DATA PROVIDED:

= Beginning of Section =

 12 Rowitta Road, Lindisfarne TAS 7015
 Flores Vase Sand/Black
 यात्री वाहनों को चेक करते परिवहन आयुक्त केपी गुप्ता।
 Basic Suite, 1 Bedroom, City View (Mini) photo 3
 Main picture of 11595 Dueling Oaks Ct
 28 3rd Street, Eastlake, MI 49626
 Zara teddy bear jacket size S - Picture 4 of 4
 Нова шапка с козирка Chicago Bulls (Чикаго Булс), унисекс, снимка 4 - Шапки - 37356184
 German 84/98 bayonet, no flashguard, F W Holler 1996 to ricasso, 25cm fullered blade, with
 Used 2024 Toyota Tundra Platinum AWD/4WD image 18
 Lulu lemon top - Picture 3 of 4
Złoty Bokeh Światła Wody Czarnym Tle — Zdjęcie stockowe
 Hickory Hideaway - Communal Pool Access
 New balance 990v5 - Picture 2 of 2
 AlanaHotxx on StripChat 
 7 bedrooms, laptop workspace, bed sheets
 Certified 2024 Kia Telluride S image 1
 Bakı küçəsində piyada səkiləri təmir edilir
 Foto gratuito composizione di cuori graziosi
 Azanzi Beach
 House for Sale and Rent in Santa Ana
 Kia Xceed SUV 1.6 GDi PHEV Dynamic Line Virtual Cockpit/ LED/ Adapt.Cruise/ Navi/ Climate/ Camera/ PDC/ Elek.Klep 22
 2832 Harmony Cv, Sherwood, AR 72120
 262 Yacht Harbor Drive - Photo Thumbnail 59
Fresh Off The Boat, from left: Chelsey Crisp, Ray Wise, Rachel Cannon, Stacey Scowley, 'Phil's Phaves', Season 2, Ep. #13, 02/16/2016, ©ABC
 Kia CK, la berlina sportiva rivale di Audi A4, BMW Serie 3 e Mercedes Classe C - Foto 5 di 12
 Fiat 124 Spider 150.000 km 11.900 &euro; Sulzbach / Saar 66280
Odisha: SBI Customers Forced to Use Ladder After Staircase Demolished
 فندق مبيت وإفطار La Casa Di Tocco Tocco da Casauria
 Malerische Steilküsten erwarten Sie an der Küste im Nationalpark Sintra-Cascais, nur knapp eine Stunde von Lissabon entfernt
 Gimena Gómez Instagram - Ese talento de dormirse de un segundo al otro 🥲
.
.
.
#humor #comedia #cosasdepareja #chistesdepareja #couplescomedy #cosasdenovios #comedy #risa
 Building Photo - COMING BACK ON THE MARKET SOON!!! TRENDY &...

= End of Section =

WHAT IS NEEDED: Each line from the one containing "#humor #comedia #cosasdepareja" through the end of the listing above should be copied exactly, with no other line included.

RESPONSE BOX:
#humor #comedia #cosasdepareja #chistesdepareja #couplescomedy #cosasdenovios #comedy #risa
 Building Photo - COMING BACK ON THE MARKET SOON!!! TRENDY &...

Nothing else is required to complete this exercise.